*** Opening Task material ***

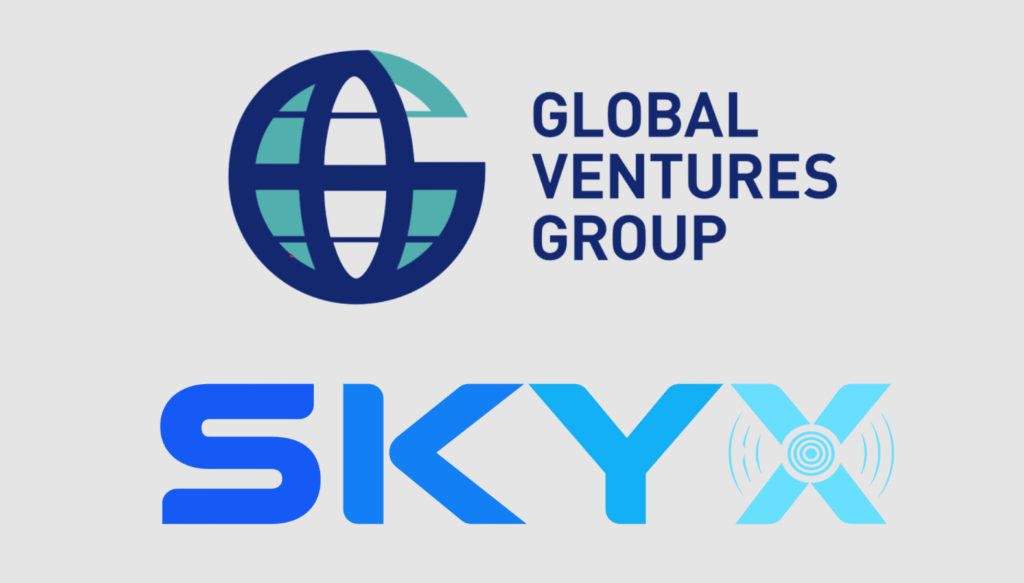 SKYX Inks Deal With Real Estate Developers on Buildings & Hotels in Middle East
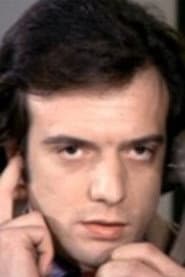 Rocco Altieri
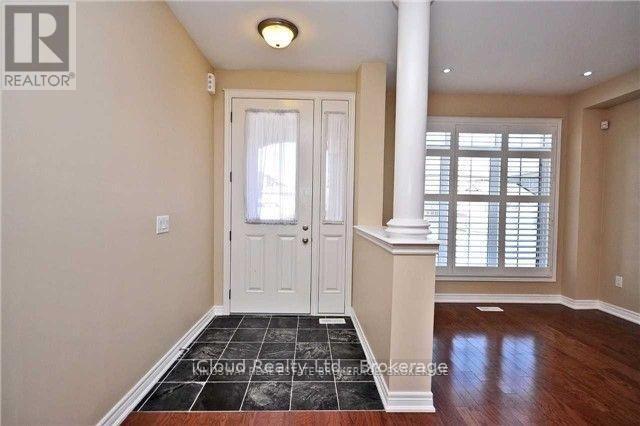 Photo du bâtiment - 3092 Hiram Terrace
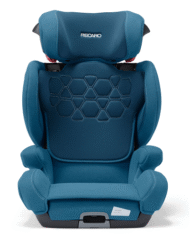 Seggiolino Auto Mako Elite 2 Recaro - immagine 5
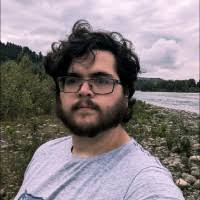 300+ "Bateman" profiles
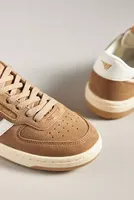Gola Hawk Sneakers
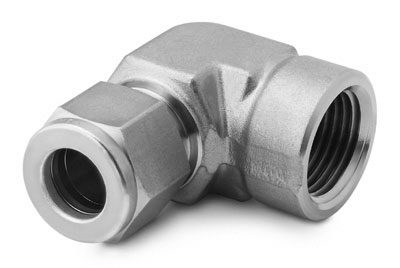 SS-1210-8-12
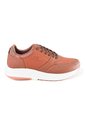 Skywalk Tenis Casuales Hombre 663149380AMIEL de Skywalk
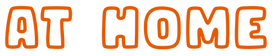 Frame 13.png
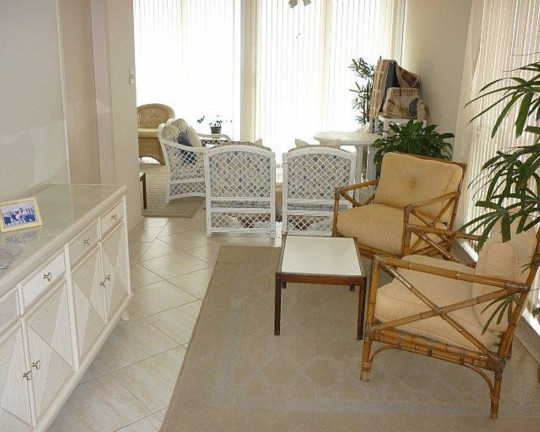 Imagem Apartamento com 3 Quartos à Venda, 190 m² em Pitangueiras - Guarujá Imagem Apartamento com 3 Quartos à Venda, 190 m² em Pitangueiras - Guarujá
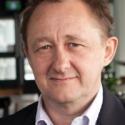 Andrew Upton Appointed Single Artistic Director of Sydney Theatre Company Video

*** Closing Task material ***

▶ Task prompt:
With the pictures left out, copy exactly the lines above from the line containing "Gola Hawk Sneakers" through the last line of the entries.

▶ Result of the exercise:
Gola Hawk Sneakers
 SS-1210-8-12
 Skywalk Tenis Casuales Hombre 663149380AMIEL de Skywalk
 Frame 13.png
 Imagem Apartamento com 3 Quartos à Venda, 190 m² em Pitangueiras - Guarujá Imagem Apartamento com 3 Quartos à Venda, 190 m² em Pitangueiras - Guarujá
 Andrew Upton Appointed Single Artistic Director of Sydney Theatre Company Video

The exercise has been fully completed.